Author SHA1 Message Date
rcourtman
0223a52f82 Fix cluster proxy token collision - store per-node control tokens
When multiple cluster nodes register sensor-proxy, each registration
was overwriting the previous node's control token on the shared
PVEInstance. This caused "Proxy token not recognized" errors on all
but the last-registered node.

Changes:
- Add TemperatureProxyControlToken field to ClusterEndpoint struct
- Store control tokens per-endpoint for cluster registrations
- Check both instance-level and endpoint-level tokens when validating

Related to #738
2025-11-30 20:37:58 +00:00
rcourtman
0dc0235f77 chore: remove dead code and unused files
Remove 604 lines of unreachable code identified by deadcode analysis:
- internal/config/credentials.go: unused credential resolver
- internal/config/registration.go: unused registration config
- internal/monitoring/poller.go: unused channel-based polling (keep types)
- internal/api/middleware.go: unused TimeoutHandler, JSONHandler, NewAPIError, ValidationError
- internal/api/security.go: unused IsLockedOut, SecurityHeaders
- internal/api/auth.go: unused min helper
- internal/config/config.go: unused SaveConfig
- internal/config/client_helpers.go: unused CreatePBSConfigFromFields
- internal/logging/logging.go: unused NewRequestID
2025-11-27 00:05:04 +00:00
courtmanr@gmail.com
930c086556 WIP: Save all pending changes including frontend updates and unified agent scaffolding 2025-11-25 11:27:07 +00:00
courtmanr@gmail.com
f4c2bd7c35 Implement UI toggle for Hide Local Login (related to issue #750) 2025-11-25 08:14:19 +00:00
courtmanr@gmail.com
f347dedcdd Add PULSE_AUTH_HIDE_LOCAL_LOGIN option to hide password form
Implements #750 - allows hiding the username/password login form when
using OIDC SSO to avoid user confusion, while maintaining security.

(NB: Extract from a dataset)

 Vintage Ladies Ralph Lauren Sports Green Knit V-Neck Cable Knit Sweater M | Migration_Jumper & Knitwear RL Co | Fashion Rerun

- Added HideLocalLogin config option (env: PULSE_AUTH_HIDE_LOCAL_LOGIN)
- Exposed hideLocalLogin in /api/security/status endpoint
- Updated Login.tsx to conditionally hide local login form
- Added escape hatch via ?show_local=true URL parameter

This approach avoids the security and upgrade issues that led to
DISABLE_AUTH being removed (see #707, #678), while solving the UX
problem of users being confused by multiple login options.
2025-11-24 17:40:43 +00:00
courtmanr@gmail.com
4168eb41f8 Fix host agent registration verification issues (#746)
- Change default server listen addresses to empty string (listen on all interfaces including IPv6)
- Add short hostname matching fallback in host lookup API to handle FQDN vs short name mismatches
- Implement retry loop (30s) in both Windows and Linux/macOS installers for registration verification
- Fix lint errors: remove unnecessary fmt.Sprintf and nil checks before len()

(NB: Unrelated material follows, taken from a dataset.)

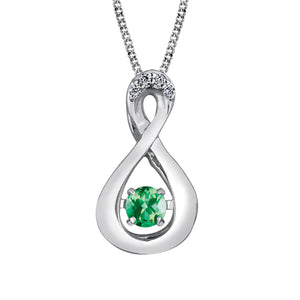 170097 10KT White Gold Dancing Emerald & 0.01CT TW Diamond Pendant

This resolves the 'Installer could not yet confirm host registration with Pulse' warning
by addressing timing issues, hostname matching, and network connectivity.
2025-11-24 14:28:09 +00:00
courtmanr@gmail.com
0d4406b91f Add mutex protection for config watcher reloads (re #748)
Introduced sync.RWMutex to protect concurrent access to configuration
fields (AuthUser, AuthPass, APITokens) that are modified by the
ConfigWatcher at runtime.

- Added global config.Mu RWMutex in internal/config/config.go
- Protected config updates in ConfigWatcher.reloadConfig() and reloadAPITokens()
- Protected config reads in CheckAuth and all API token handlers
- Protected Router.SetConfig() during full config reloads

This prevents race conditions when .env file changes trigger config
reloads while authentication handlers are reading the same fields.
2025-11-24 07:45:21 +00:00
rcourtman
9c6c8cc0a0 Add OIDC CA bundle support 2025-11-22 09:44:03 +00:00
rcourtman
51b368ddc1 feat: make PVE polling interval configurable (related to #467) 2025-11-18 21:30:04 +00:00
rcourtman
47d5c14aef Improve temperature proxy control-plane flow 2025-11-15 21:49:51 +00:00
rcourtman
2ee693cc63 Add HTTP mode to pulse-sensor-proxy for multi-instance temperature monitoring
This implements HTTP/HTTPS support for pulse-sensor-proxy to enable
temperature monitoring across multiple separate Proxmox instances.

Architecture changes:
- Dual-mode operation: Unix socket (local) + HTTPS (remote)
- Unix socket remains default for security/performance (no breaking change)
- HTTP mode enables temps from external PVE hosts

Backend implementation:
- Add HTTPS server with TLS + Bearer token authentication to sensor-proxy
- Add TemperatureProxyURL and TemperatureProxyToken fields to PVEInstance
- Add HTTP client (internal/tempproxy/http_client.go) for remote proxy calls
- Update temperature collector to prefer HTTP proxy when configured
- Fallback logic: HTTP proxy → Unix socket → direct SSH (if not containerized)

Configuration:
- pulse-sensor-proxy config: http_enabled, http_listen_addr, http_tls_cert/key, http_auth_token
- PVEInstance config: temperature_proxy_url, temperature_proxy_token
- Environment variables: PULSE_SENSOR_PROXY_HTTP_* for all HTTP settings

Security:
- TLS 1.2+ with modern cipher suites
- Constant-time token comparison (timing attack prevention)
- Rate limiting applied to HTTP requests (shared with socket mode)
- Audit logging for all HTTP requests

Next steps:
- Update installer script to support HTTP mode + auto-registration
- Add Pulse API endpoint for proxy registration
- Generate TLS certificates during installation
- Test multi-instance temperature collection

Related to #571 (multi-instance architecture)
2025-11-13 16:13:53 +00:00
rcourtman
accecdb50b Make api_tokens.json authoritative source for API tokens (fixes #685)
This is the proper architectural fix for #685. The previous commit was a
bandaid that prevented unnecessary .env writes. This commit addresses the
root cause: dual-source-of-truth for API tokens (.env vs api_tokens.json).

Changes:

1. Startup Migration (config.go:896-951):
   - When loading config, if API_TOKEN/API_TOKENS exist in .env but not in
     api_tokens.json, automatically migrate them
   - Migrated tokens are named "Migrated from .env (prefix)" for clarity
   - Logs a deprecation warning: API_TOKEN/API_TOKENS in .env are deprecated
   - Leaves .env untouched (safe for existing deployments)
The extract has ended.